In a scenario in which death becomes the focal point, would it not make sense to call in the people with the dedicated expertise? These people are the hospice clinicians – clinicians trained in and dedicated to working with and caring for terminally ill patients. Their expertise, to put it bluntly, is "death.” They know how to render care for both physical and emotional pain. They have the necessary experience to offer help, including palliative care, to the patient, to the clinician, and/or to the survivor. They are conditioned to offer aide under these circumstances without the threat of personal scarring. They can engage in these scenarios with the sincere understanding and adaptive, sensitive behavior while at the same time protecting their own sense of self.
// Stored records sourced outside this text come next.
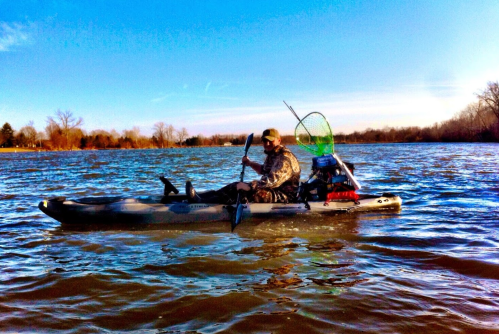 A person paddles a kayak on a river, equipped with fishing gear and a net, under a clear blue sky.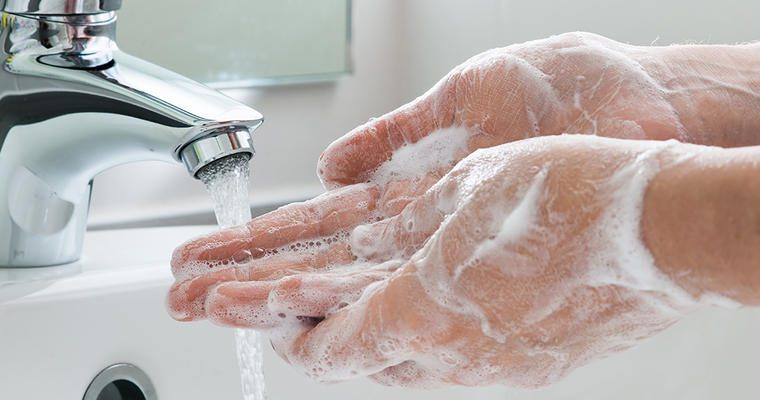 Soapy hands being scrubbed under a faucet with running water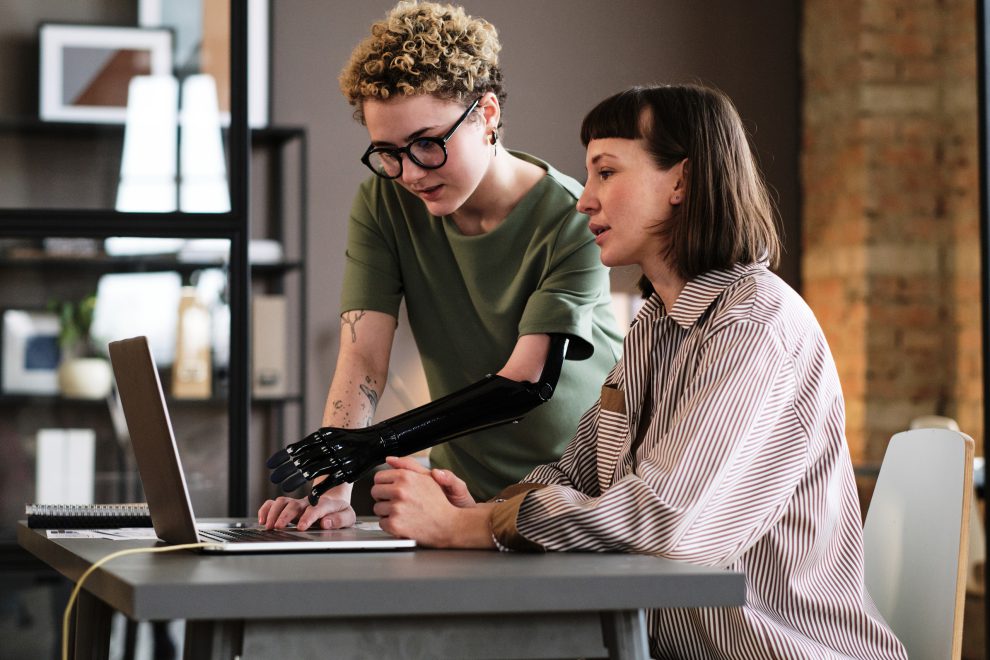 Junge Frau mit Prothesenarm, die auf einen Laptop zeigt und während der Arbeit im Büro mit ihrer Kollegin spricht. Symbolbild für Frauen mit Behinderungen und ihre Job-Suche.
A problem is that their service or expertise is not as commonly known nor appreciated as it should be. In educating our clinicians, there often is to scant an exposure to the value and understanding of hospice care. The study of death (thanatology) in itself is sparse. In three classes of physician assistant students in succession (an average of 75 students per class) just about 6% of the students knew the name of Dr. Elisabeth Kübler-Ross. What was interesting was not just that the students did not know her, but also that they were not aware of the complexities involved in the issues of death with a patient, with a clinician, with a survivor, issues that Dr. Ross opened the door to.

This is somewhat understandable because in our society, we frequently tend to avoid discussing, associating, or understanding death, and as such, terminal illness often becomes a contagious, "hands off” concern.

Wouldn’t it be more beneficial if hospice care became a louder voice and not a "whispered service”?